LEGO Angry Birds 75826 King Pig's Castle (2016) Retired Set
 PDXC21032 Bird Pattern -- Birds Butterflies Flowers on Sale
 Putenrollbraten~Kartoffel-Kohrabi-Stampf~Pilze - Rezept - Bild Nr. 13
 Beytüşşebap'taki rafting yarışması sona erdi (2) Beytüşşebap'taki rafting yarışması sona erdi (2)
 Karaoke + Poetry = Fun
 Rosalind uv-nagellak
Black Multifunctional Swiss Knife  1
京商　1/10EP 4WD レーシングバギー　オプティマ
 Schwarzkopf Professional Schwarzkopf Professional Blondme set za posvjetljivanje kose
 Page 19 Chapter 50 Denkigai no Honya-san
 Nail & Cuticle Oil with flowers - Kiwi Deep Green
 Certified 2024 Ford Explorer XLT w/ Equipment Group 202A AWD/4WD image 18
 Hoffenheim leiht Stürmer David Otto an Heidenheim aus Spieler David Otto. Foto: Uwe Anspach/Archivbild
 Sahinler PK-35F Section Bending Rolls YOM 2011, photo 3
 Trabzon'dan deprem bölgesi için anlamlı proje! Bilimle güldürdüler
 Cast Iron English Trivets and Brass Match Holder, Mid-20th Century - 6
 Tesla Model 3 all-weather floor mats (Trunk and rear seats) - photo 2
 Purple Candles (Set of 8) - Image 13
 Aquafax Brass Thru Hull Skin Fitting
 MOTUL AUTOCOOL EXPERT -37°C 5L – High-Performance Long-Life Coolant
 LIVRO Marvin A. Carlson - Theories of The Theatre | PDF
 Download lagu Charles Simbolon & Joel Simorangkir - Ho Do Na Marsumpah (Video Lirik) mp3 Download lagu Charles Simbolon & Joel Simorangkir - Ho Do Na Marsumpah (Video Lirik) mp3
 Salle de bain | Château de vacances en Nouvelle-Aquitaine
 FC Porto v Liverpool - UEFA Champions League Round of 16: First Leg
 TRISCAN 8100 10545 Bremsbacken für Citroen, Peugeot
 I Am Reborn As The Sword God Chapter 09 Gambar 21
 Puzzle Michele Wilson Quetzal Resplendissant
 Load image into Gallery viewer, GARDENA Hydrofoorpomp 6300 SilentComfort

• Task goal:
Using the data above, reproduce exactly the lines between those holding "Schwarzkopf Professional Schwarzkopf" and "FC Porto v Liverpool", inclusive, and no others.

• Written answer:
 Schwarzkopf Professional Schwarzkopf Professional Blondme set za posvjetljivanje kose
 Page 19 Chapter 50 Denkigai no Honya-san
 Nail & Cuticle Oil with flowers - Kiwi Deep Green
 Certified 2024 Ford Explorer XLT w/ Equipment Group 202A AWD/4WD image 18
 Hoffenheim leiht Stürmer David Otto an Heidenheim aus Spieler David Otto. Foto: Uwe Anspach/Archivbild
 Sahinler PK-35F Section Bending Rolls YOM 2011, photo 3
 Trabzon'dan deprem bölgesi için anlamlı proje! Bilimle güldürdüler
 Cast Iron English Trivets and Brass Match Holder, Mid-20th Century - 6
 Tesla Model 3 all-weather floor mats (Trunk and rear seats) - photo 2
 Purple Candles (Set of 8) - Image 13
 Aquafax Brass Thru Hull Skin Fitting
 MOTUL AUTOCOOL EXPERT -37°C 5L – High-Performance Long-Life Coolant
 LIVRO Marvin A. Carlson - Theories of The Theatre | PDF
 Download lagu Charles Simbolon & Joel Simorangkir - Ho Do Na Marsumpah (Video Lirik) mp3 Download lagu Charles Simbolon & Joel Simorangkir - Ho Do Na Marsumpah (Video Lirik) mp3
 Salle de bain | Château de vacances en Nouvelle-Aquitaine
 FC Porto v Liverpool - UEFA Champions League Round of 16: First Leg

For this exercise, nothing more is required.